Hi, TT or it's successor will be electric hybrid at least by then. Probably all electric.  [smiley=argue.gif] 
Hoggy.


----------



## MClaine55 (Feb 16, 2018)

Rather like the sharp angles of the bumper and nifty vents. Wonder if the facelift will have this?


----------



## KSixTT6 (Nov 13, 2017)

Looks like the New Mazda MX5 RF :?


----------



## jhoneyman (Aug 8, 2012)

Looking more and more like the front end of every new Seat on the road  Damn sharp angles!


----------



## The Pretender (May 16, 2015)

Mark Pred said:


> Ich denke, Sie müssen auffrischen auf Ihrem deutschen :roll: :lol:


Spend less then 2 minutes, next time i will not bother at all.


----------



## The Pretender (May 16, 2015)

Hoggy said:


> Hi, TT or it's successor will be electric hybrid at least by then. Probably all electric.  [smiley=argue.gif]
> Hoggy.


Just pin it on the 2 motor MEB platform, and maybe it would sell.


----------



## MClaine55 (Feb 16, 2018)

Ah yes, sharp angles. Clarkson described the MKIII as a machine gun in a dress. That pic has even more sharp angles, so the curved appeal of previous models is even further away which might mean even fewer flight attendants owning one and driving to Gatwick and a trip abroad for light s** with the co-pilot. Less Bauhaus too.

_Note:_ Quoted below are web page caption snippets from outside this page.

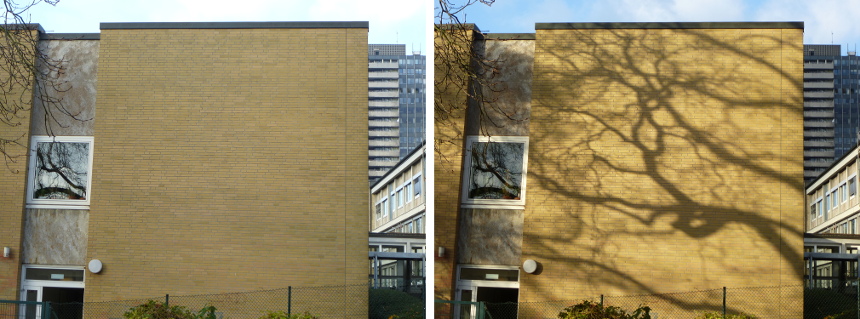 In der Morgensonne fällt auf die Wand eines Bürohauses der kräftige Schatten einer Kastanie.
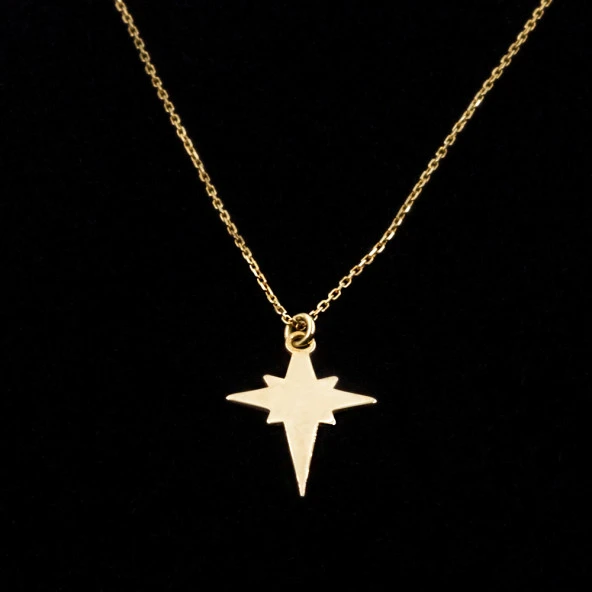 Kutup Yıldızı Altın Kolye - 14Ayar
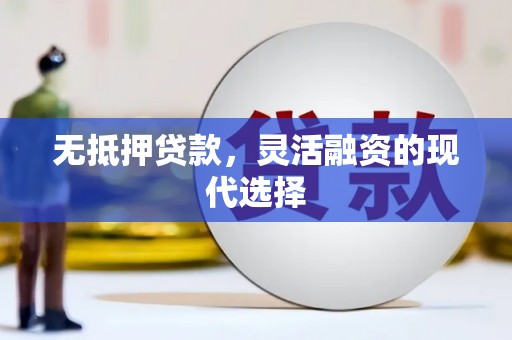 林甸无抵押贷款，灵活融资的现代选择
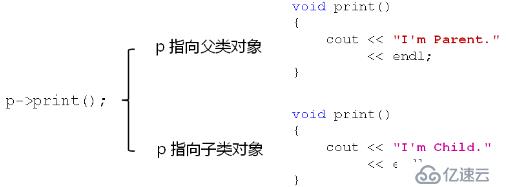 C++--同名覆盖、多态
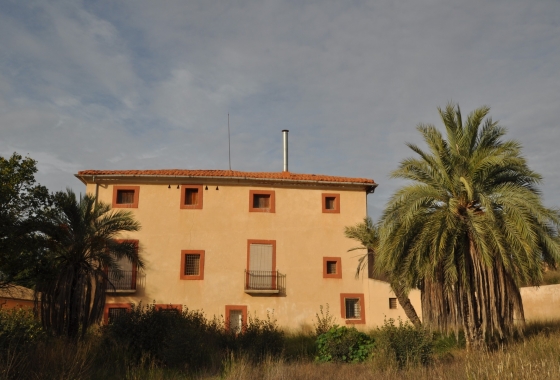 Herverkoop - Finca - Pinoso - Inland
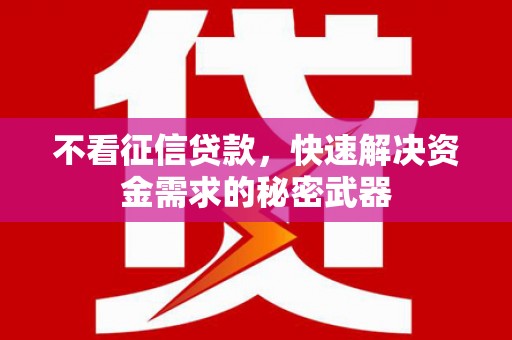 新宾不看征信贷款，快速解决资金需求的秘密武器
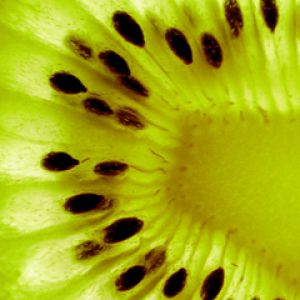 Close-Up de Kiwi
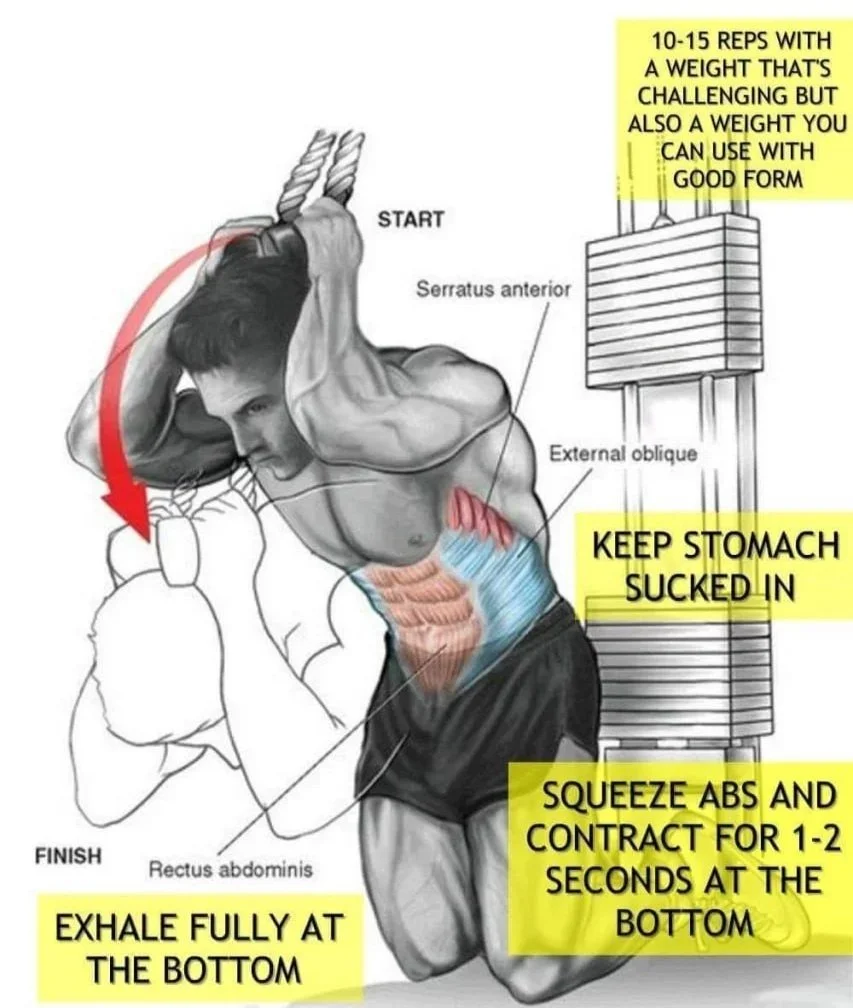 Diagram of a person performing a hanging leg raise exercise with annotations and instructions on form, including tips like keeping the stomach sucked in and exhaling fully at the bottom.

Sorry, Clarkson is a bit marmite, but his review of the MKIII still makes me smile,, hence the play on some of his words.


----------



## Toshiba (Jul 8, 2004)

Its clear the "shape" has nothing to do with "flight attendant" or "hair dresser" ownership comments.
The origins of those comments are clear and well understood, a car with a small underpowered engines which are show not go.


----------



## tt3600 (Apr 8, 2006)

Porsche 718 a money printing machine? Not in the UK they are even rarer than the TT.


----------



## The Pretender (May 16, 2015)

tt3600 said:


> Porsche 718 a money printing machine? Not in the UK they are even rarer than the TT.


Far from it, i even wonder if they brake even with it.


----------



## TheBlueStingray (Jun 9, 2015)

The Pretender said:


> tt3600 said:
> 
> 
> > Porsche 718 a money printing machine? Not in the UK they are even rarer than the TT.
> ...


The last - supposed to be better - translation is wrong. 
The original translation was actually correct. 
"Weil auch der 718 alles andere ist als eine Gelddruckmaschine."
"Because the Porsche 718 (also) is anything other than a money printing machine."


----------